[Short descriptive text snippets]
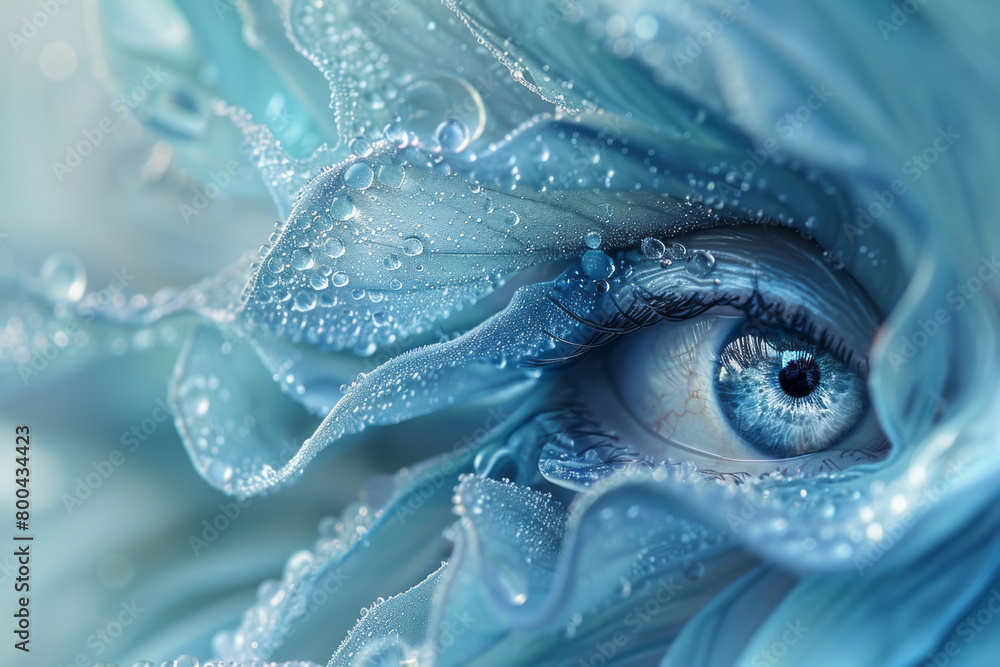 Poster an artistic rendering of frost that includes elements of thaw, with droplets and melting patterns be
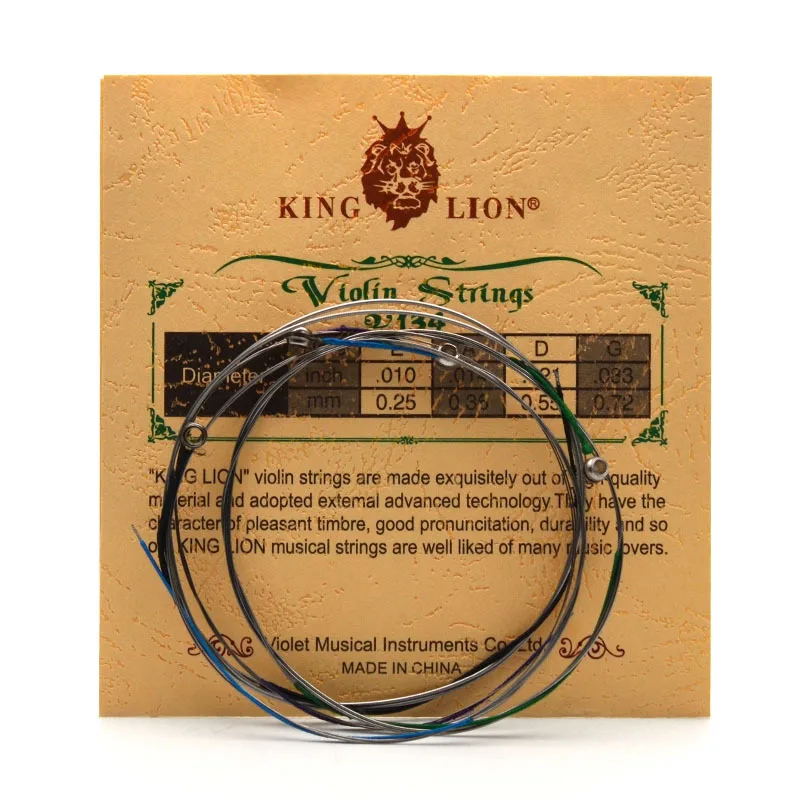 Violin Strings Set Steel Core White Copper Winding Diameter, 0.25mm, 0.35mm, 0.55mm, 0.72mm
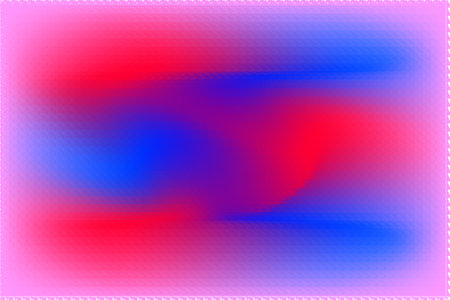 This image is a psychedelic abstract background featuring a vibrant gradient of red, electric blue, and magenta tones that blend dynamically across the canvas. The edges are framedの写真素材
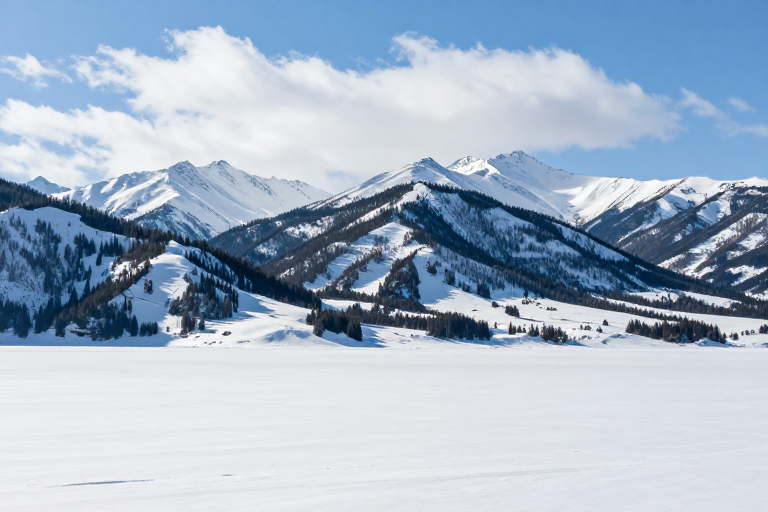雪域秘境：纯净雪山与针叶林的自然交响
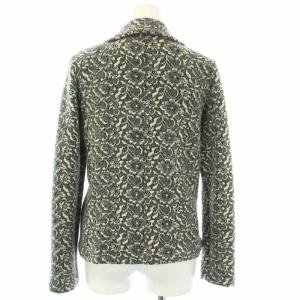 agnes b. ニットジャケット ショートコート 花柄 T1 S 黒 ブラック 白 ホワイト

### EXERCISE DESCRIPTION
Skip the images and set down the rest of the data unchanged.

### WRITTEN SOLUTION
 Poster an artistic rendering of frost that includes elements of thaw, with droplets and melting patterns be
 Violin Strings Set Steel Core White Copper Winding Diameter, 0.25mm, 0.35mm, 0.55mm, 0.72mm
 This image is a psychedelic abstract background featuring a vibrant gradient of red, electric blue, and magenta tones that blend dynamically across the canvas. The edges are framedの写真素材
雪域秘境：纯净雪山与针叶林的自然交响
 agnes b. ニットジャケット ショートコート 花柄 T1 S 黒 ブラック 白 ホワイト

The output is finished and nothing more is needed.